Doesn’t the new. MS Surface have an AMD APU as an option or an upcoming option? I totally agree if the6 get this APU right they can be taken seriously as an option and or alternative to Intel “same same” choices. I mean my last laptop had a Turion X2 paired with an 8800M dGPU(imagine when they used to get along)
But if I’m in my thinking of a possible MS Surface thats a great way to break back in and prove themselves.in low power portables so the stronger models should sell themselves.
The Surface Laptop 3 comes with either a 3580U or a 3780U. These are, for all intents and purposes identical to the 3500U and 3800U, based of April 2018's Zen+ launch. There's one more Vega CU in each of them, but neither model can use them because 15W and DDR4 2400 are the bottleneck here, not the CU count. It's Samsung's LP 12nm process and Zen+ architecture and DDR4 speeds with old, 100% Vega IGP architecture.

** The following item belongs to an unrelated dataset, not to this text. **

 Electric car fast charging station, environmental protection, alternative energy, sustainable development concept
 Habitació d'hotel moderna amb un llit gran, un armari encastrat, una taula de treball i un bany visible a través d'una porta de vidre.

Given that the Surface Laptop 3 is only pre-ordering still (some lucky few might get theirs before Christmas), it's going to be something that's two years out of date by the time it's available for mainstream buyers. That's pretty awful for something that a lot of people will replace every 2-3 years.

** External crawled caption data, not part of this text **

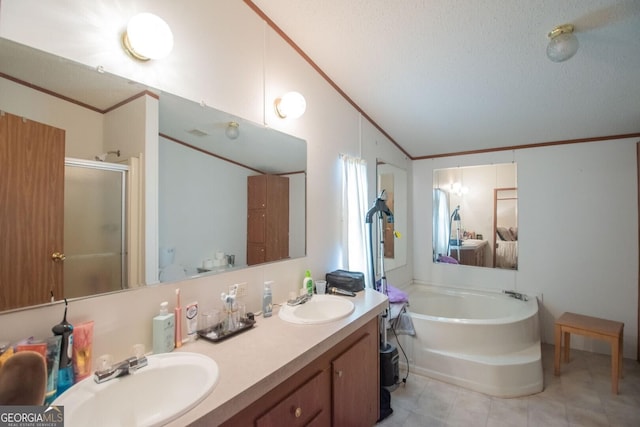 657 Reynolds Rd, Folkston, GA 31537 - full bathroom with a sink, a bath, a stall shower, and vaulted ceiling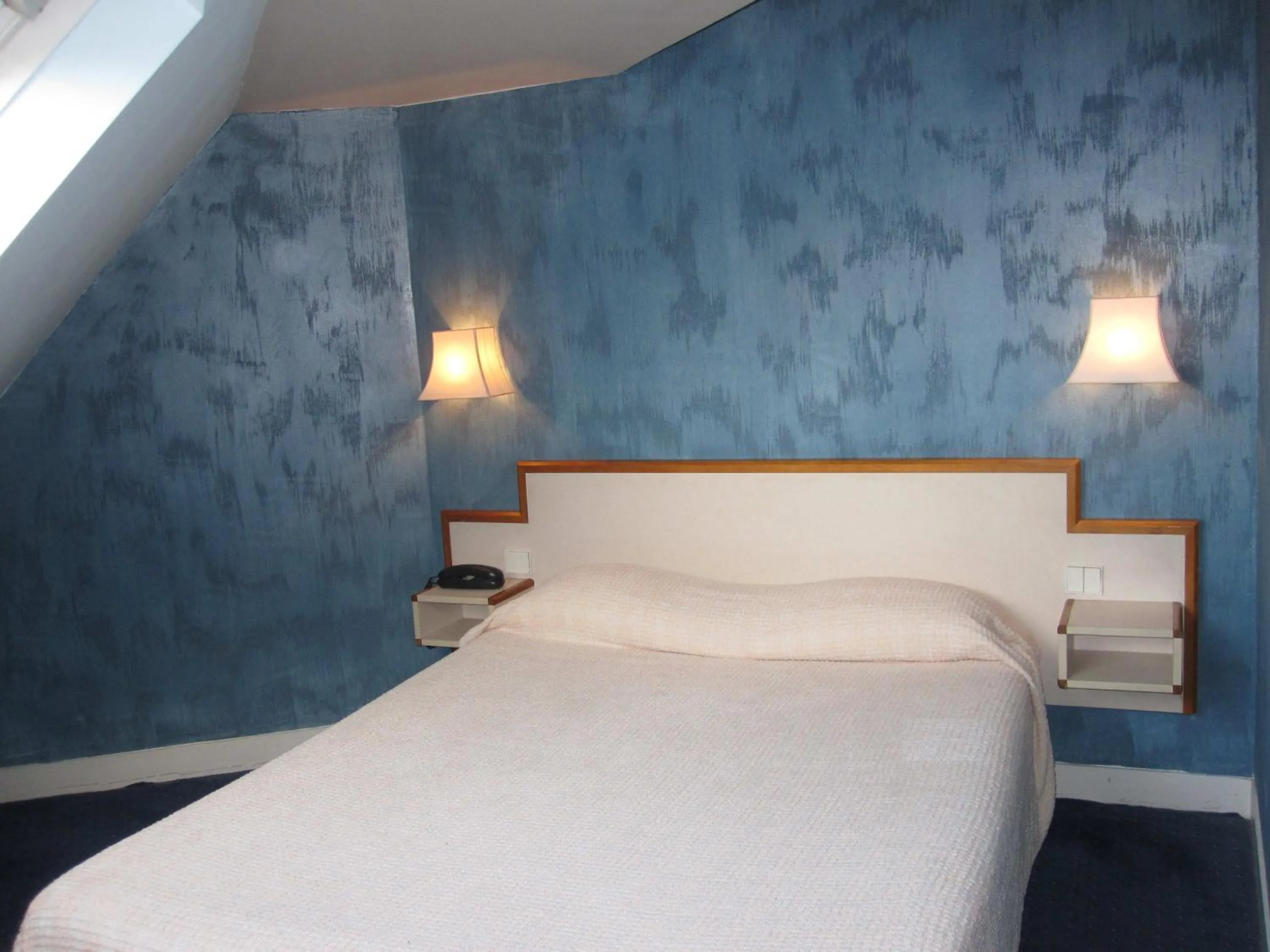 Bed in Hotel Royal Bergère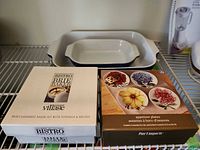Boxed Brie baker, boxed appetizer plates, Emile Henry dish visible behind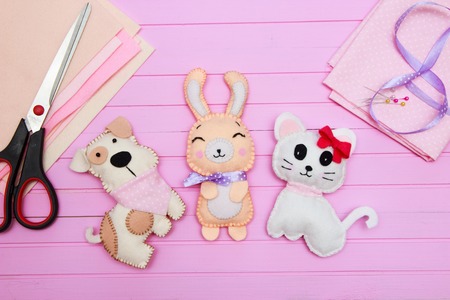 Cute felt toys made of felt. Handicraft materials on wooden background with copy space for text. Simple handmade toy for Valentine's day, mother's dayの写真素材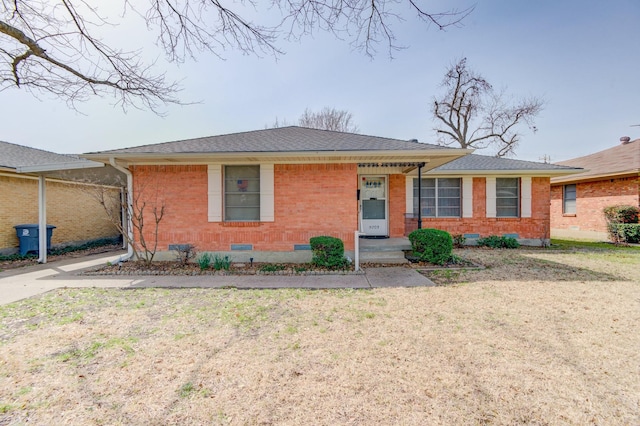 view of front of home featuring brick siding, a shingled roof, a front lawn, and crawl space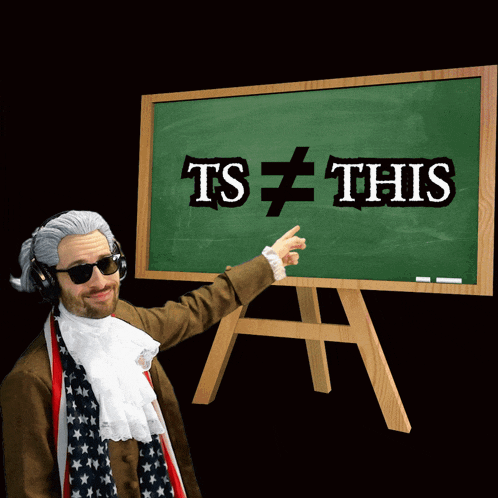 a man points to a blackboard that says ts this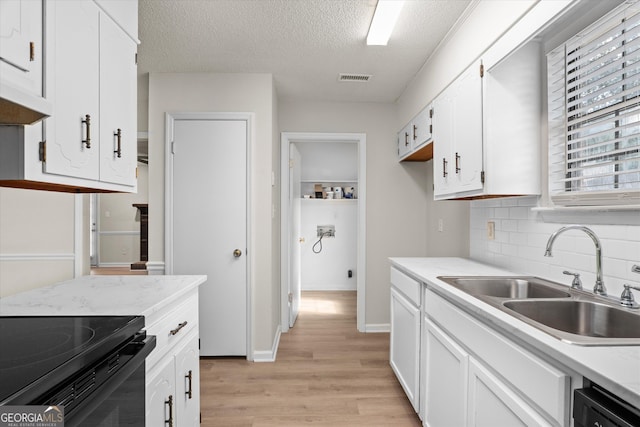 kitchen with dishwashing machine, a textured ceiling, white cabinets, sink, and backsplash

If MS waited and used a Renoir APU with 7nm power efficiency gains and presumably AMD recommended memory speeds (DDR4-3200/CL14 or DDR4-3600/CL16) then the AMD would likely spank the Intel in most, if not all, of the tests - and at a lower price.
As it is, it's AMD's 2-year-old architecture on a 2-year-old manufacturing process going up against Intel's single most significant and advanced offering in the last 5 years, in a market segment where architectural efficiency and process node are quite literally the deciding factor. Power efficiency is what determines the size/weight/thickness/performance/temperature/noise/battery life of a laptop and despite their 'launch date'
the Ryzen 3580U and 3780U are old and tired; It's a miracle that there's even any comparison between them and the Intel Ice-Lake options at all!
Edit:
Now I think about it, even the "Vega IGP" in the AMD APUs is likely just a rebrand. GCN5 differed from GCN4 as used by Polaris in the 570/580/590 almost entirely by HBM, HBCC and rapid-packed maths - primarily for gaining traction in the server/compute market. Guess what the Vega IGPs are missing; Yep - all of things I just mentioned. They're Polaris cores, in all but name - two generations behind Navi/RDNA already.